La macabre découverte a été faite par l’un de ses collègues, venu le chercher après avoir constaté son absence inhabituelle. Sur place, il découvre le quinquagénaire suspendu à une corde, sans aucun signe de vie. Très vite, le commissariat de Rebeuss, dirigé par la commissaire Khady Diouf, est alerté. Les policiers procèdent aux premières constatations avant l’évacuation du corps vers l’hôpital général Idrissa Pouye de Grand-Yoff pour autopsie.
Les conclusions des médecins légistes, remises le 8 mai 2026, confirment définitivement la thèse du suicide. Selon le rapport, A. N. est décédé des suites d’une asphyxie mécanique provoquée par pendaison. Aucune trace laissant penser à une intervention extérieure n’a été relevée.
Mais c’est surtout le contenu d’un long testament retrouvé sur les lieux qui glace aujourd’hui l’opinion. Dans ce texte rédigé sur onze pages et sobrement intitulé « TESTAMENT », le défunt raconte les souffrances qu’il aurait endurées durant son mariage. Il accuse directement son épouse de violences morales, d’humiliations répétées et même d’agressions physiques qui auraient progressivement détruit son équilibre psychologique.

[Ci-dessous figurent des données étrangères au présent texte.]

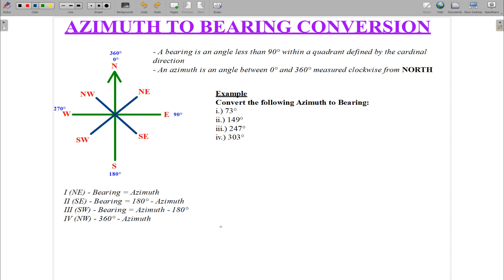What's up guys. Welcome back to another tutorial. Today I want us to have a look at azimuth to bearing conversion. And as you can see on the screen, I already have this diagram and I have a definition here.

Selon les éléments de l’enquête, une copie de ce document a également été retrouvée dans le coffre de son bureau, accompagnée d’une clé USB contenant plusieurs fichiers, images et éléments que la victime considérait comme des preuves de ses accusations.
Marié et père de quatre enfants, A. N. vivait avec sa femme et deux de leurs filles dans un appartement situé à l’intérieur même de la boulangerie. Toutefois, les investigations révèlent qu’une profonde crise conjugale minait le couple depuis près d’un an. Des voisins et proches interrogés par les enquêteurs ont confirmé l’existence de tensions permanentes au sein du foyer. Certains affirment même que l’épouse avait pratiquement quitté le domicile conjugal depuis plusieurs mois.
Cette affaire relance avec brutalité le débat sur les souffrances psychologiques vécues dans certains foyers, y compris par des hommes qui, souvent par honte ou peur du regard social, gardent le silence jusqu’au drame irréparable.
Les enquêteurs poursuivent désormais les auditions afin de déterminer si certains faits évoqués dans le testament pourraient engager d’éventuelles responsabilités. En attendant, collègues, proches et habitants de la Médina restent sous le choc face à cette disparition tragique d’un homme décrit comme discret, travailleur et profondément affecté ces derniers mois.